Expectations grow over IMF chief Christine Lagarde’s visit to Argentina

Onlookers say the Mauricio Macri administration will request IMF loans to the tune of US$ 10 billion.

International Monetary Fund (IMF) managing director Christine Lagarde visits Argentina this week where expectations are high about a conclusive new start for the country's relationship with the IMF and other international financial institutions.

Onlookers and economists are predicting that the Mauricio Macri administration will request IMF loans to the tune of US$ 10 billion when Lagarde and her team sit down with national government ministers.

It would be the first time since 2001 that Argentina accesses IMF financing.

It is believed that the five-year loan package for countries struggling to secure international financing will come at a cost of an annual interest rate of 4.5 percent, which is far less than what the government pays on dollar-denominated bonds in the financial sector.

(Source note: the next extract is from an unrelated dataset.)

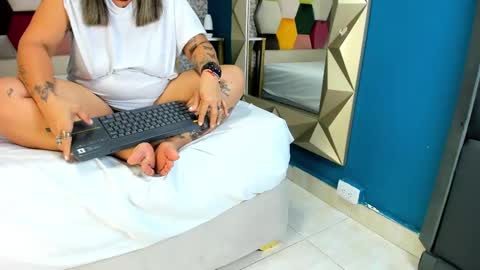 amarantha_hans online show from January 18, 1:52 am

Lagarde will hold meetings with President Mauricio Macri, Finance Minister Luis Caputo, Treasury Minister Nicolás Dujovne, Central Bank Chief Federico Sturzenegger, and Finance ministers of the G20, of which Argentina is the current presiding nation.

Lagarde will also give a speech at the Di Tella University in Belgrano.

The IMF chief will become the first to visit Argentina since Rodrigo Rato in 2004 and Horst Köhler before him in 2003.

Köhler’s visit coincided with tensions surrounding then president Néstor Kirchner’s decision to settle a US$ 10 billion debt with the IMF.

Kirchner effectively banished the organisation from Buenos Aires in an attempt to weaken its influence in national economic policy, finally cancelling the debt in 2006.